§ Exercise description:
Set down the final stretch of the data, from the line that holds "Alpenflair Ferienwohnung 237" through the last line, both included, with pictures left out.

BEGIN Data in this exercise

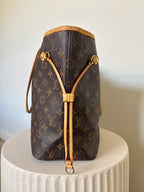Louis Vuitton Monogram Neverfull MM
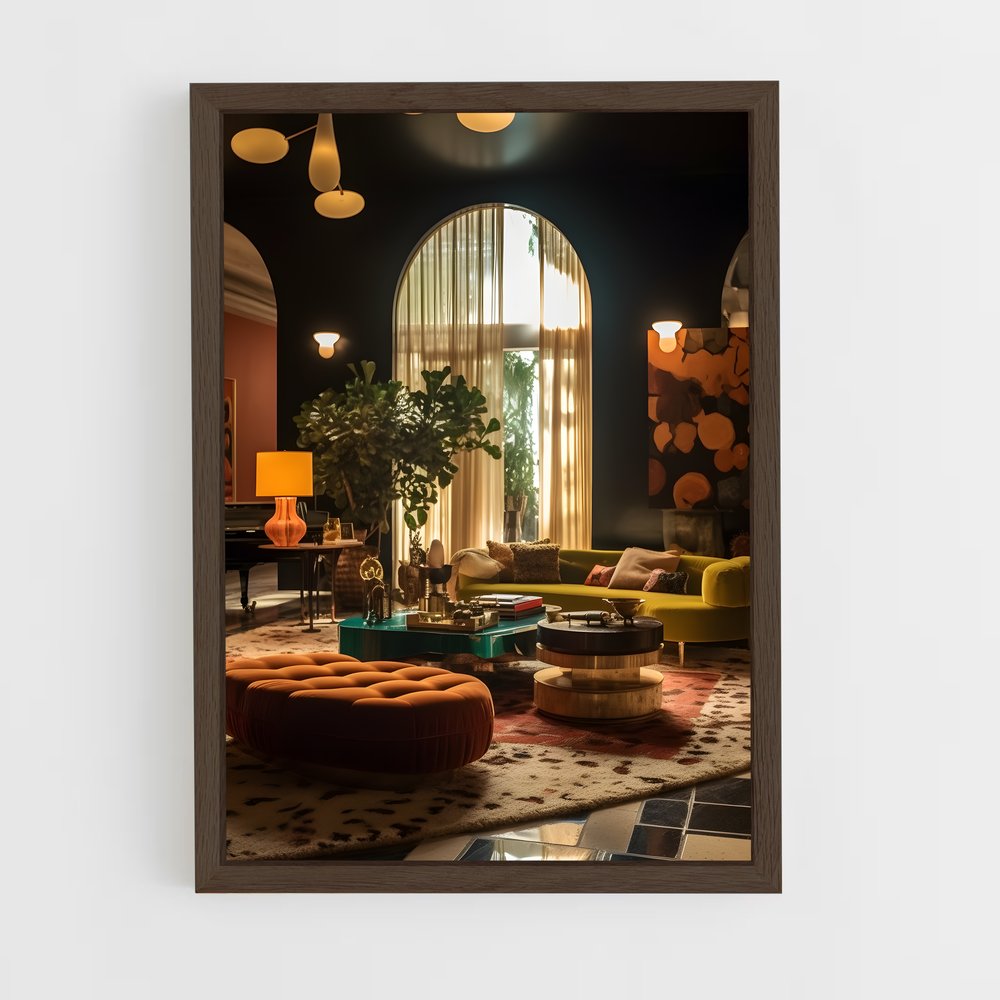 ap-maximalist-7 cadre Bois foncé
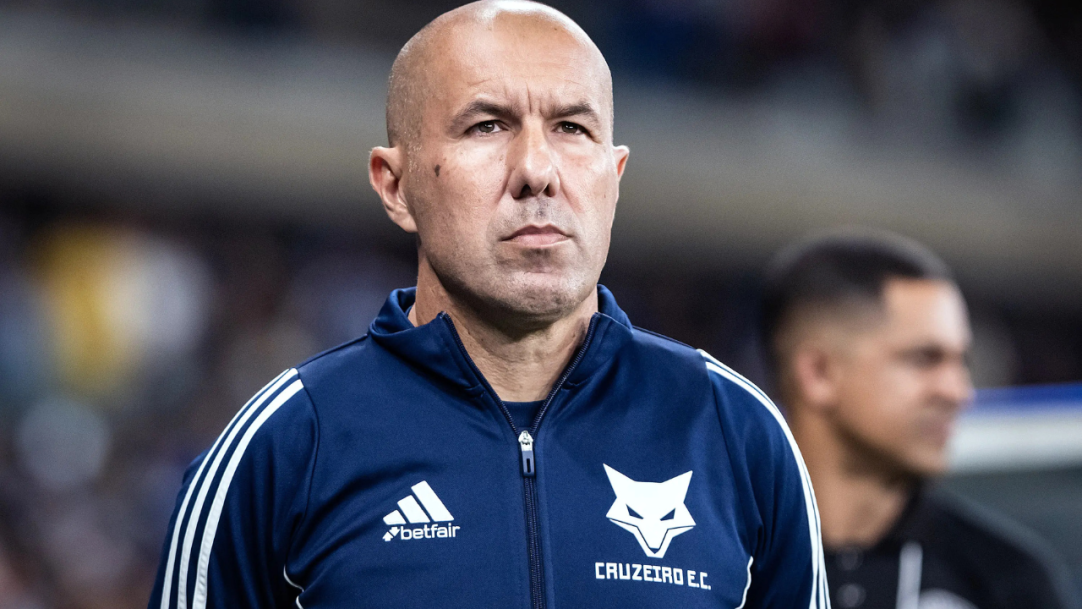 Ajustes de Leonardo Jardim garantem virada do Cruzeiro sobre o RB Bragantino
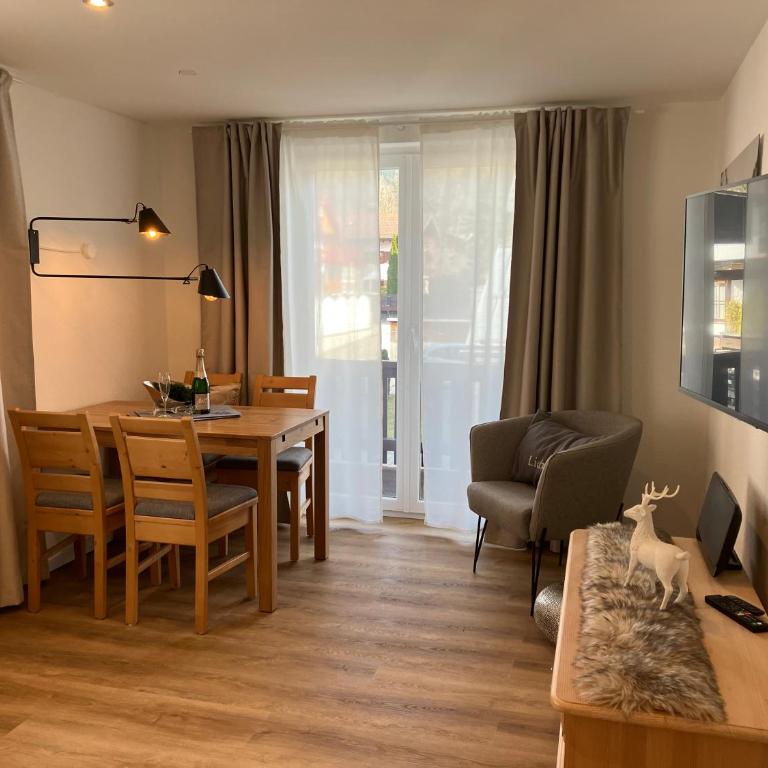 Alpenflair Ferienwohnung 237 - One-Bedroom Apartment - 5
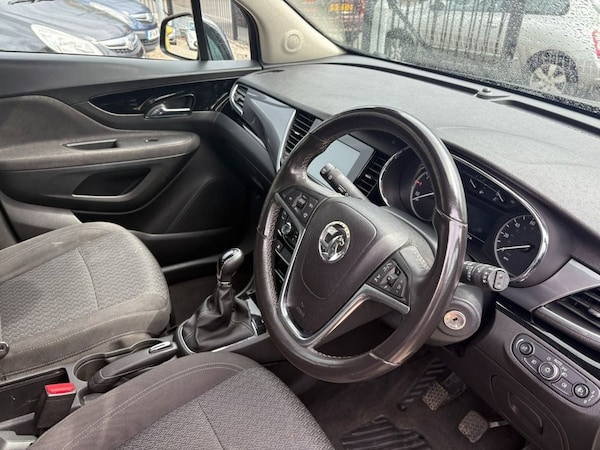 Used Vauxhall Mokka X 2017 for sale - 75716193: Photo 11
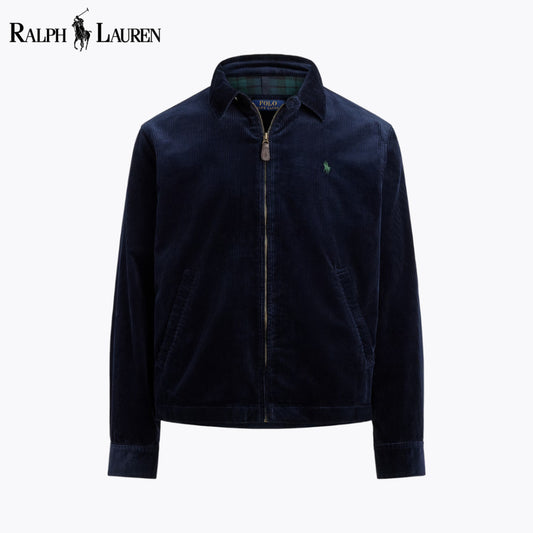 RL Wynton Corduroy Jacket Blue Navy / S RL Wynton Corduroy Jacket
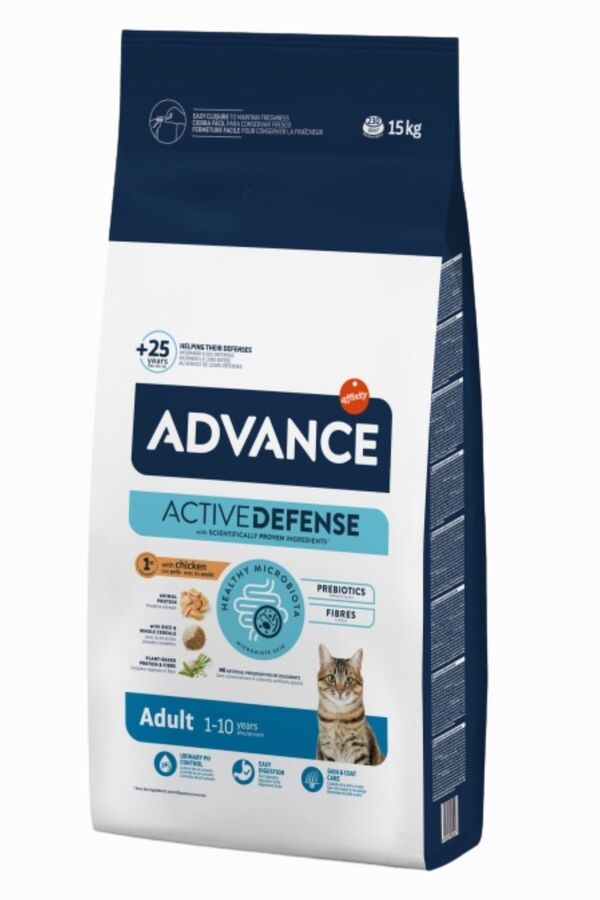 Advance Tavuklu Yetişkin Kedi Maması 15kg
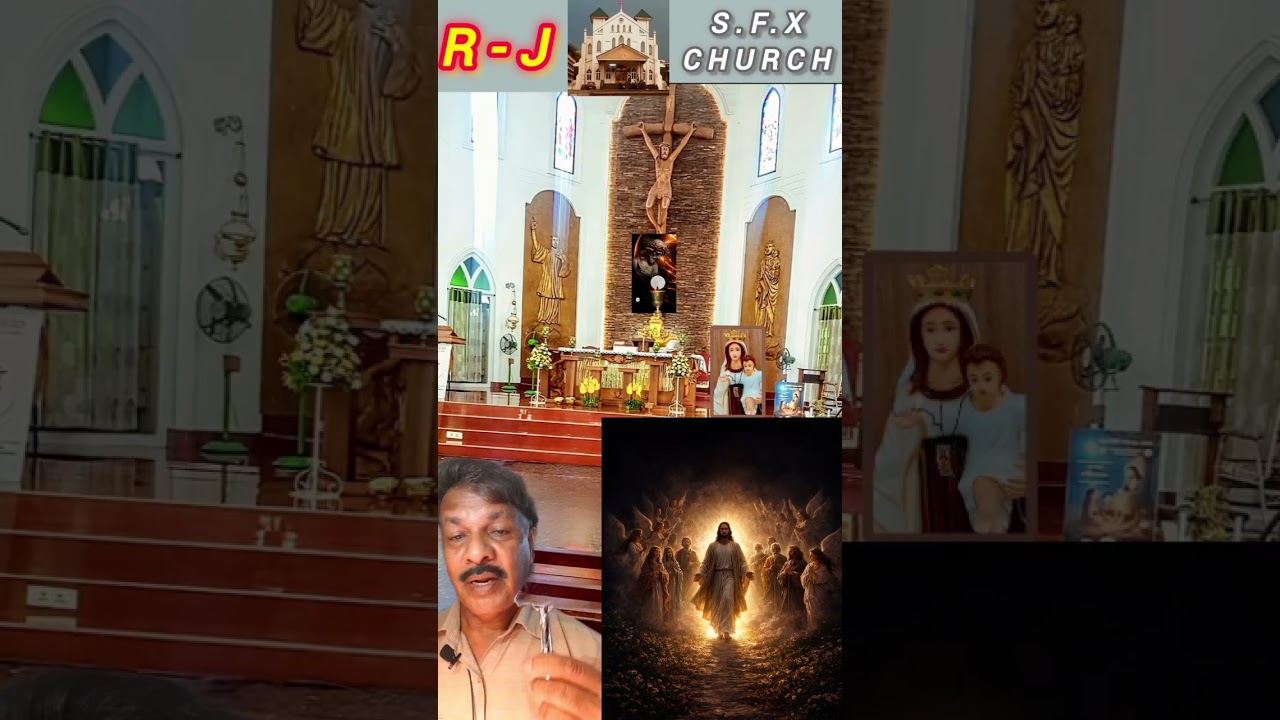 മിന്നൽപോലെ വരും മനുഷ്യപുത്രൻ… അവസാന ദിവസങ്ങളുടെ മുന്നറിയിപ്പ്! | മത്തായി 24 : 25 #Matthew24
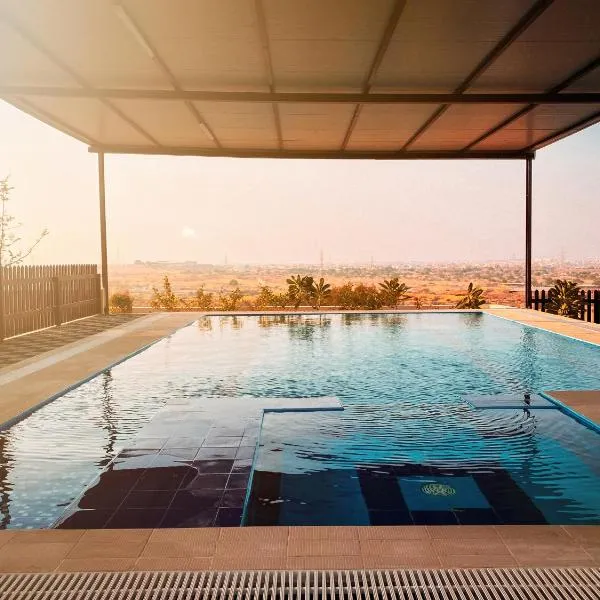 Desert Dune Farmhouse - By Seven Elements, Hotel in Ra’s al-Chaima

END Data in this exercise

§ Exercise answer:
 Alpenflair Ferienwohnung 237 - One-Bedroom Apartment - 5
 Used Vauxhall Mokka X 2017 for sale - 75716193: Photo 11
 RL Wynton Corduroy Jacket Blue Navy / S RL Wynton Corduroy Jacket
 Advance Tavuklu Yetişkin Kedi Maması 15kg
 മിന്നൽപോലെ വരും മനുഷ്യപുത്രൻ… അവസാന ദിവസങ്ങളുടെ മുന്നറിയിപ്പ്! | മത്തായി 24 : 25 #Matthew24
 Desert Dune Farmhouse - By Seven Elements, Hotel in Ra’s al-Chaima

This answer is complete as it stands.